About the job
About the Team You'll Join
-
The ML Platform Team Leader will oversee the pivotal ML Platform team responsible for the enterprise's AI/ML development and operational environment. This team comprises the 'ML Ops Part', which builds and operates a stable MLOps environment based on Kubernetes, and the 'LLM Part', which leads the development of cutting-edge LLM applications along with the necessary LLM Ops environment.
- Upon joining, you will oversee both Parts, establishing and executing a technical strategy that provides a scalable and efficient platform, allowing data scientists and ML engineers to focus solely on model development and experimentation. You will play a crucial role in presenting the vision for the ML Platform, fostering team growth, and solidifying the foundation of the company's AI technology capabilities.
Your Responsibilities
- Establish and lead the technical vision and long-term roadmap for the ML Platform team (ML Ops Part, LLM Part).
- Mentor team members, conduct code reviews, and manage performance to drive team growth.

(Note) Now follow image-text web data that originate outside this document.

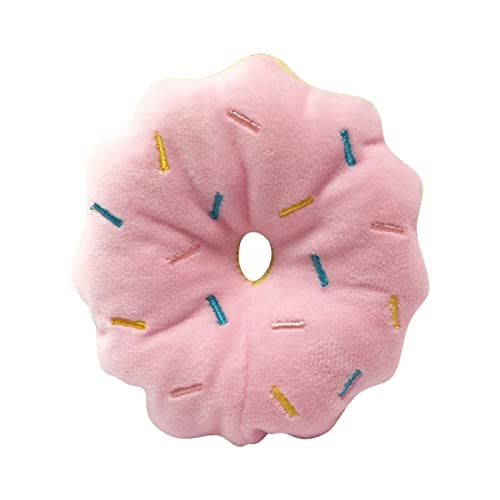 Beschäftigte Biene Katzenspielzeug Haustiere Haustier Hund Plüsch Vocal Donut Tier Cartoon Bissfeste Haustier Katze Hund Spielzeug Zubehör (Pink, One Size) von Caritierily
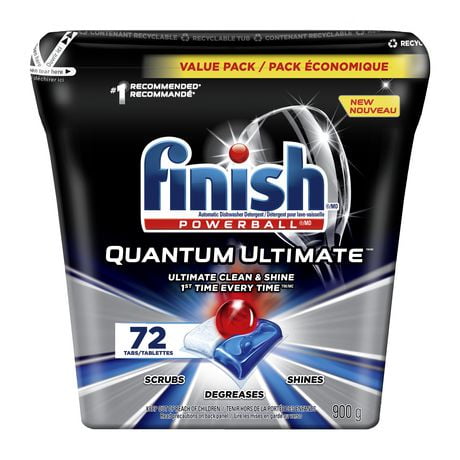 Finish Dishwasher Detergent Pods, Quantum Ultimate, Fresh, 72 Tablets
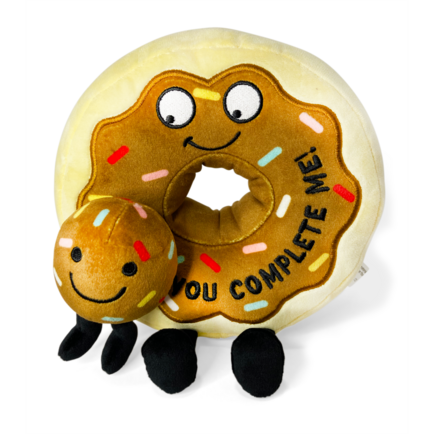 "You Complete Me" Plush Donut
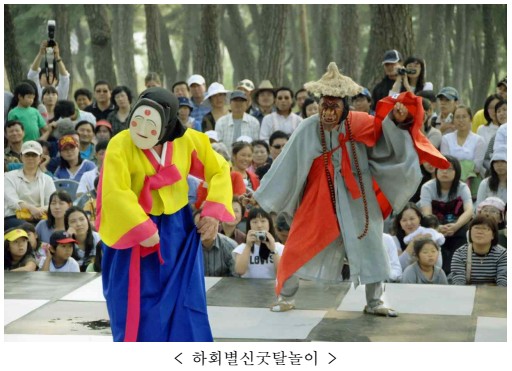[문화]한국의 탈춤, 유네스코 인류무형문화유산 등재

- Design and oversee the operation of a scalable and reliable ML Platform (model training, deployment, serving, monitoring) based on Kubernetes.
- Lead the technical development of various LLM applications and establish the LLM Ops environment for fine-tuning, serving, and evaluating large-scale models.
- Collaborate closely with cross-functional teams, including data scientists, ML engineers, and product teams, to resolve bottlenecks in AI/ML development and maximize developer experience (DX).
- Continuously research the latest MLOps and LLM technology trends, design the architecture of the enterprise AI tech stack, and provide technical direction.
- Define and continuously improve metrics for platform stability, cost efficiency, and performance optimization.
Ideal Candidate
- We are looking for someone with proven experience in leading engineering teams (ML, Infrastructure, Platform, etc.), successfully presenting technical visions, establishing roadmaps, and nurturing team members.
- A deep practical experience in building and operating MLOps platforms (e.g., Kubeflow, MLflow, CI/CD, model serving) in a Kubernetes environment is essential.
- A strong understanding and practical experience in developing LLM applications (RAG, fine-tuning, agents, etc.) or LLM Ops (large-scale model serving, Vector DB, evaluation pipelines) is required.
- Experience in designing and optimizing system architecture capable of handling large-scale traffic and data is preferred.
- You should be able to define complex technical problems, communicate clearly with various stakeholders, and solve issues strategically.
- A passion for designing and advancing the platform while considering business impact and developer experience (DX) beyond mere technical adoption is essential.
Resume Recommendations
- Detail your contributions to leading ML platform or system projects (technical leadership, architecture design, team management, strategic planning).
- Clearly outline the flow of addressing technical/organizational challenges for each project, including your proposed solutions (architecture, adopted technologies), collaboration processes with team members/stakeholders, and final results (platform performance improvements, acceleration in development speed, cost reductions).
- Instead of simply listing tasks, include insights and learnings gained as a technical leader, along with the criteria for making technical trade-offs.
- Emphasize quantifiable achievements that you have led.
- If you have experience successfully building/operating large-scale systems through collaboration with multiple engineering teams to resolve complex technical problems, please share that.
Journey to Joining Toss Bank
- Application submission > Job interview > Cultural fit interview > Leadership interview > Reference check > Compensation negotiation > Final acceptance
Please Note
- Any false information found in the resume or submitted documents may lead to disqualification.